Hétéronyme de l’autrice, le sage Eduardo Selva déclare ainsi : « C’est l’amour qui te sauvera du cauchemar de l’Histoire et de la dureté de tes nuits, c’est l’amour, pour un corps, pour la mémoire, pour un instant, pour un regard, pour une pensée, pour un matin, pour une personne, c’est l’amour jamais renoncé pour cette vie imparfaite, nervurée de désirs et de déceptions – un combat de chaque jour. (…) Il faut laisser derrière soi les visages, les sentiments, les rencontres, il faut laisser le temps t’échapper, accepter définitivement qu’il ne t’appartienne pas : tu ne pourras pas emmener la vie avec toi.
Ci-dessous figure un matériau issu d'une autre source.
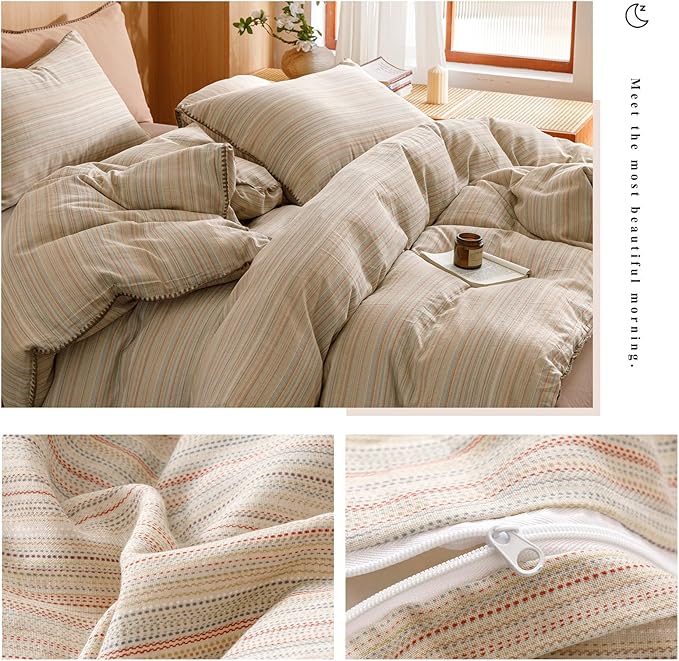 VM VOUGEMARKET Brown Tan Duvet Cover King Striped Pattern Yarn Dyed Muslin Cotton Duvet Cover with Embroidered Edge Super Soft Cozy Bedding Set for Men Women,King Size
Nous sommes des particules vulnérables et non des maîtres du temps. »

On le comprend maintenant, Aimer sans savoir, être sans comprendre est un livre d’éveil, de pertes en pertes, jusqu’aux retrouvailles avec l’univers en soi.

« A partir de là, j’ai pu réapprendre, lentement, à penser, à parler, à lire – à vivre. Le savoir s’est déplacé. L’hubris s’est fondue dans l’éros. J’ai senti ma vulnérabilité s’épanouir et ainsi la sève de mon amour pour la vie se fortifier. »

Comme devant une peinture de Cy Twombly, ce cyclone.    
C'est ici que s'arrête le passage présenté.